### Your instructions:
Reproduce, exactly and in full, the lines from the one with "Camisa vintage flores L coral lila negro" through the one with "阳光义工再次走进红色革命圣地-罗田大别山区" in the data below; drop pictures.

### Data:
────────────────────────────────────────
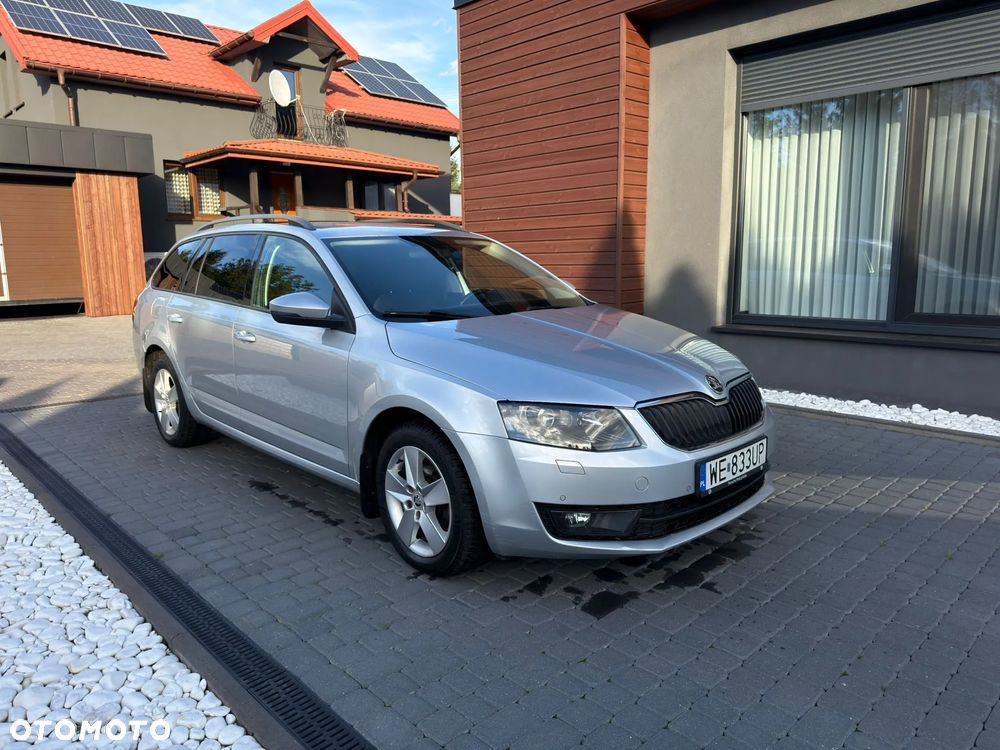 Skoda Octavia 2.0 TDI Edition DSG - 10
────────────────────────────────────────
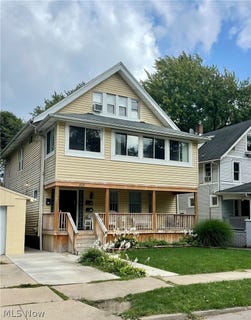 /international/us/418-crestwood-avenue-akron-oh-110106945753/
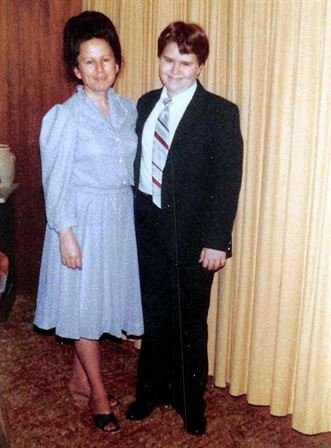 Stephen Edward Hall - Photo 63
────────────────────────────────────────
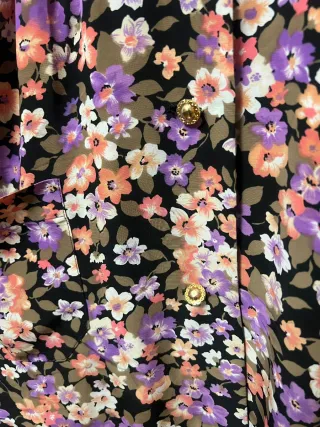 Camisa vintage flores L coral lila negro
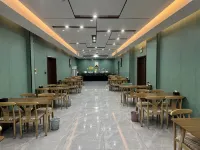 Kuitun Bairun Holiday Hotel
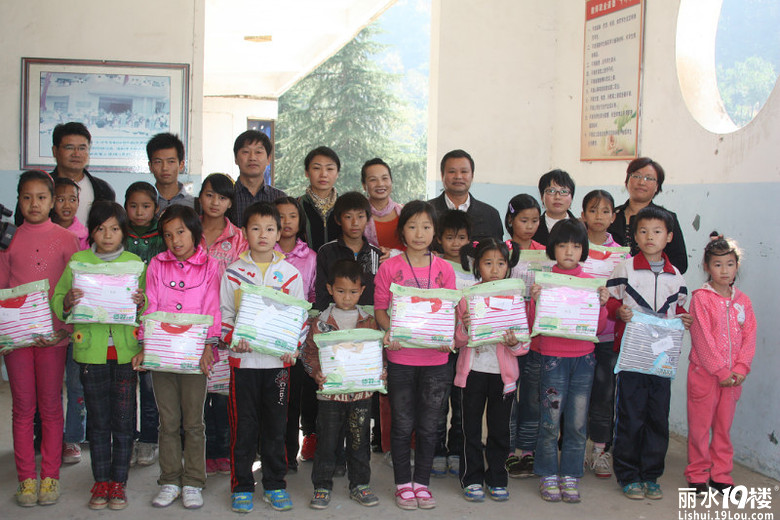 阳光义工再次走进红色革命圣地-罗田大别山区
────────────────────────────────────────
### Solved problem:
 Camisa vintage flores L coral lila negro
 Kuitun Bairun Holiday Hotel
 阳光义工再次走进红色革命圣地-罗田大别山区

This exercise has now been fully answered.